Work item: Write out each line below precisely, passing over the pictures.

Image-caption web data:
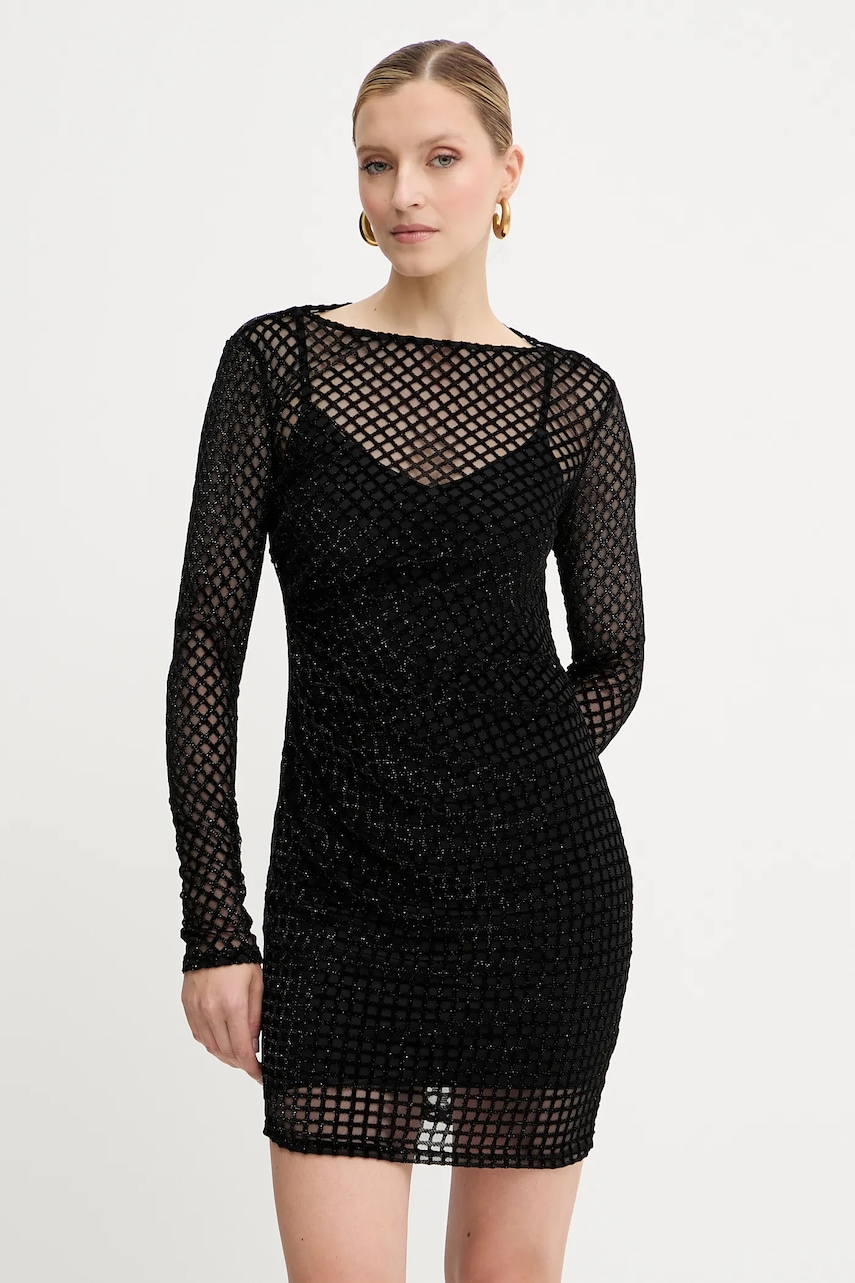 Šaty Patrizia Pepe černá barva, mini, přiléhavé, 8A1579 A638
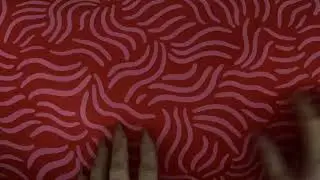 ASMR | Scratching a pink pillow 🎀 textured fabric sounds no talking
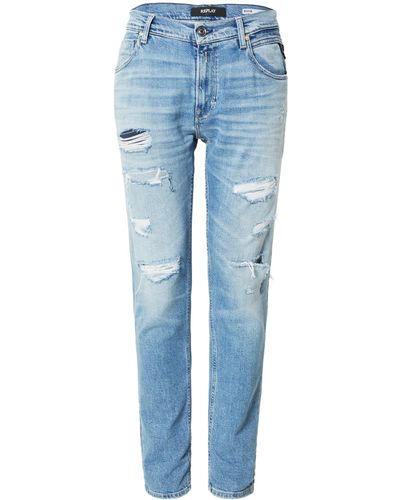 Replay Regular-fit-Jeans MICKYM (1-tlg) - Blau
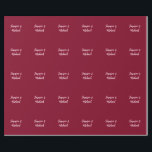 Papel De Presente Lindo Minimalista Vermelho Borgonha Caligrafia Nom<br><div class="desc">Você pode facilmente alterar as fontes,  a imagem de fundo e a cor,  os caracteres das letras.</div>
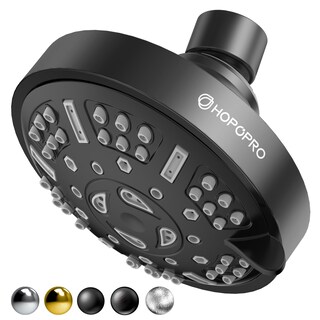 Foto 1 | Foto 1 | Cabezal De Ducha Hopopro De 4.1 Pulgadas Negro Mate 9 Modos De Rociado - Venta Internacional.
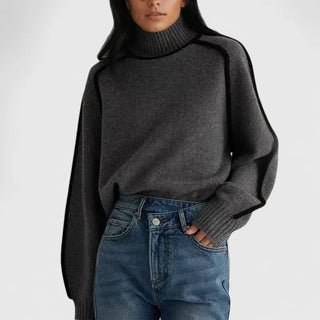 Women's Batwing Turtleneck Sweater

Output for this task:
 Šaty Patrizia Pepe černá barva, mini, přiléhavé, 8A1579 A638
 ASMR | Scratching a pink pillow 🎀 textured fabric sounds no talking
 Replay Regular-fit-Jeans MICKYM (1-tlg) - Blau
 Papel De Presente Lindo Minimalista Vermelho Borgonha Caligrafia Nom<br><div class="desc">Você pode facilmente alterar as fontes,  a imagem de fundo e a cor,  os caracteres das letras.</div>
 Foto 1 | Foto 1 | Cabezal De Ducha Hopopro De 4.1 Pulgadas Negro Mate 9 Modos De Rociado - Venta Internacional.
 Women's Batwing Turtleneck Sweater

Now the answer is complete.